◆ Your goal
An exact copy of the data is needed, one that excludes all pictures.

◆ Supplied information

══════

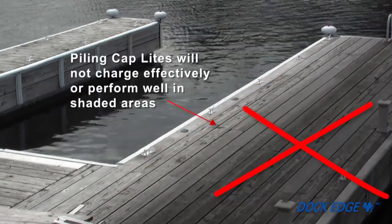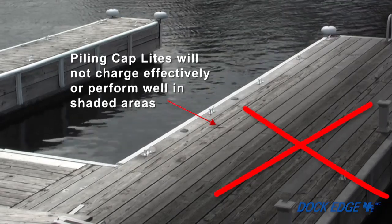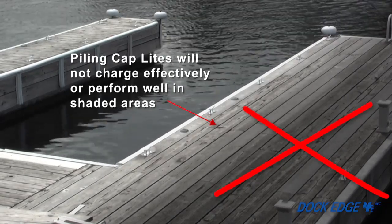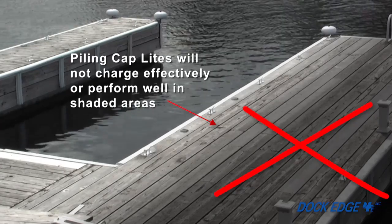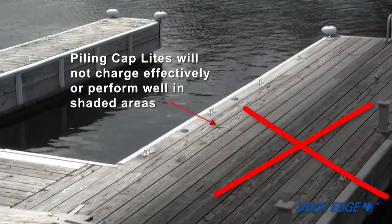This is to ensure that the light emitted from one piling cap light won't affect the solar sensor of another. When choosing the posts on which you will be installing the piling lights, keep in mind that piling cap lights placed in areas with poor sunlight exposure will not work as well as those placed in areas with good sunlight exposure.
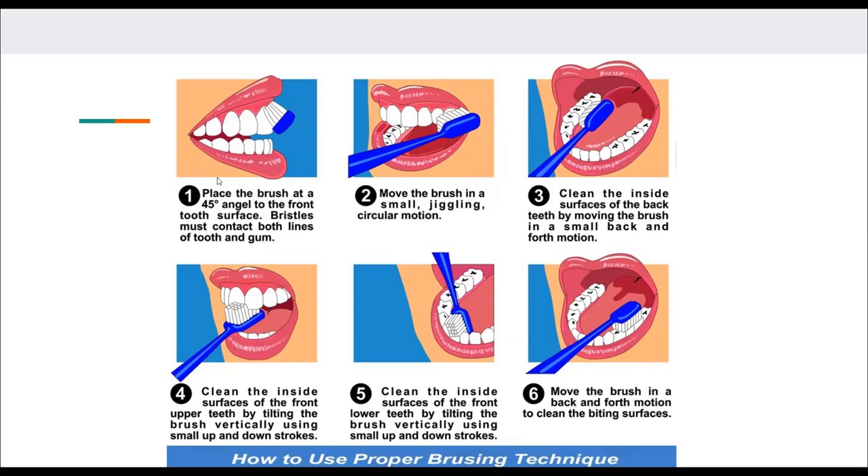Now it's a bit different if you're using an electric toothbrush, so I'm probably going to do a video on electric toothbrushing. I will link that on the bottom just in case you use an electric toothbrush. I like to use both the manual toothbrush and the electric as well. If you guys have any questions, let me know and I'll see you in the next one.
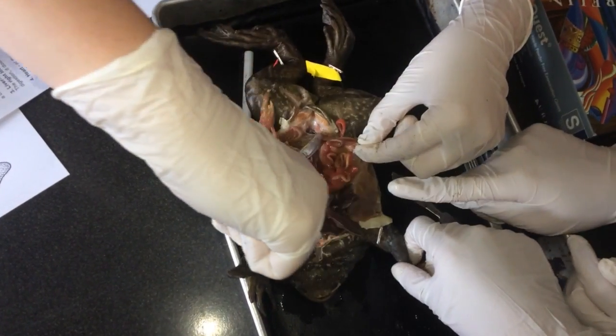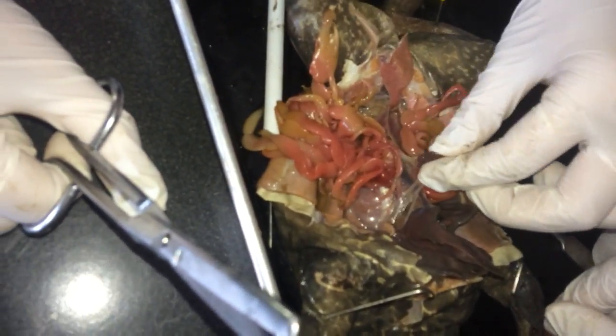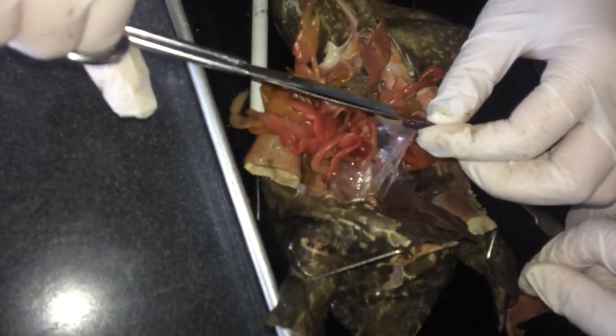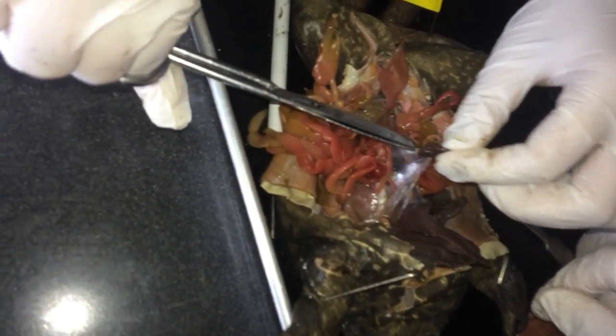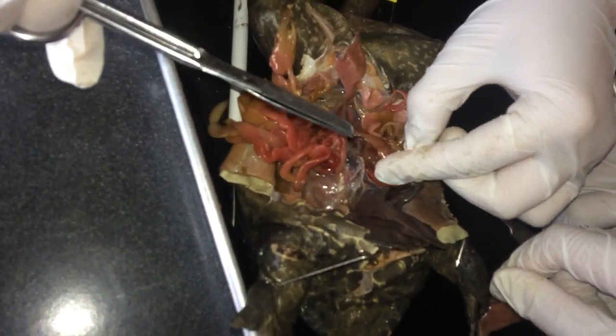What is that bean shape? That, I believe, is the spleen. Okay. Should we cut it open and see what happens? Sure. Blood. Blood. Blood. That's what the spleen does — keeps blood? Yeah, that's definitely just blood in there. Good.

══════

◆ Task answer
This is to ensure that the light emitted from one piling cap light won't affect the solar sensor of another. When choosing the posts on which you will be installing the piling lights, keep in mind that piling cap lights placed in areas with poor sunlight exposure will not work as well as those placed in areas with good sunlight exposure.
Now it's a bit different if you're using an electric toothbrush, so I'm probably going to do a video on electric toothbrushing. I will link that on the bottom just in case you use an electric toothbrush. I like to use both the manual toothbrush and the electric as well. If you guys have any questions, let me know and I'll see you in the next one.
What is that bean shape? That, I believe, is the spleen. Okay. Should we cut it open and see what happens? Sure. Blood. Blood. Blood. That's what the spleen does — keeps blood? Yeah, that's definitely just blood in there. Good.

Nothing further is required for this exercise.